Cepheid variable A type of star with variable luminosity due to pulsations (regular oscillating changes in size). The luminosity can be deduced from the period of pulsation, making these stars celestial standard candles, useful for the determination of distance.
chaos Aperiodic and apparently random behavior of a dynamical system despite governing laws being deterministic; hence, deterministic chaos.
charm One of the quark flavors.
chemical reduction Method by which crystals of pure metal or metal alloys can be produced by dissolving an inorganic salt of the desired metal in an appropriate solvent and allowing the solution to react with a reducing agent.
color A quantum number for quarks and gluons.
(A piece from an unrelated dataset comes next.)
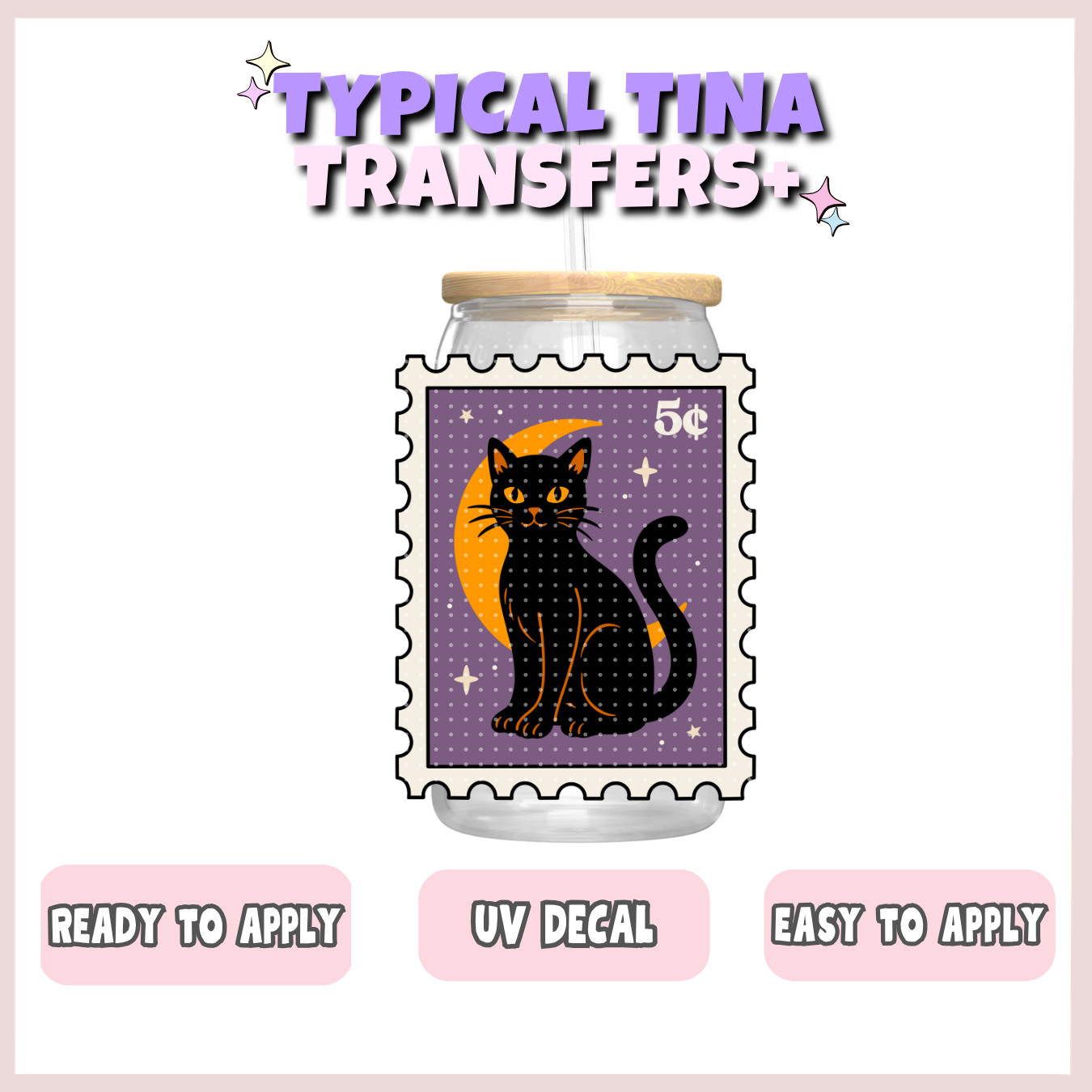 Halloween stamps | UV decals | POD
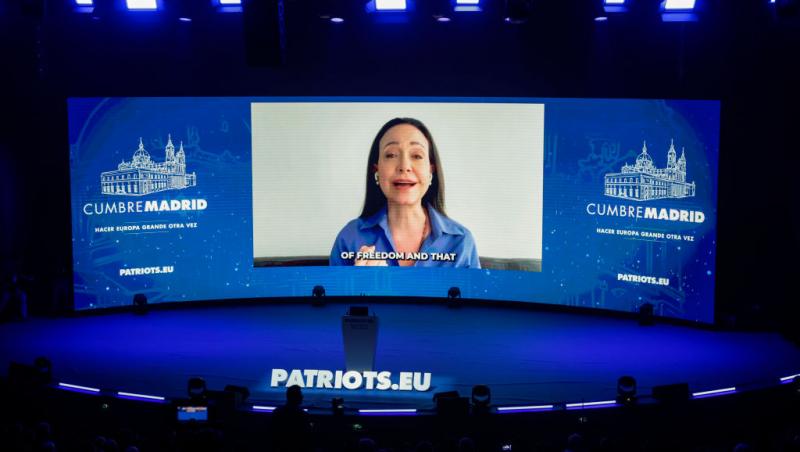 Maria Corina Machado i-a ”suflat” Premiul Nobel pentru Pace lui Donald Trump. Cine este câștigătoarea prestigiosului premiu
conduction band Set of closely spaced single-electron energy levels in a metal that are partially occupied by current-carrying electrons. In an insulator or a semiconductor, it is the lowest normally empty band to which electrons may be excited from lower levels to carry electric current.
conservation Principle according to which the total amount of some physical quantity in an isolated system always remains the same, whatever internal changes may occur in the system.
Cooper pair Stable complex of two fermions having equal and opposite momenta and opposite spins in a degenerate-fermion system; such a pair behaves as a condensed boson if an e ective attractive force exists between the two fermions in the pair.
cosmic rays High-energy particles (mostly protons, electrons and helium nuclei) present throughout our galaxy. Their origin is not well known. They can be detected above the earth’s atmosphere. Cosmic rays are the object of study in cosmic-ray astronomy.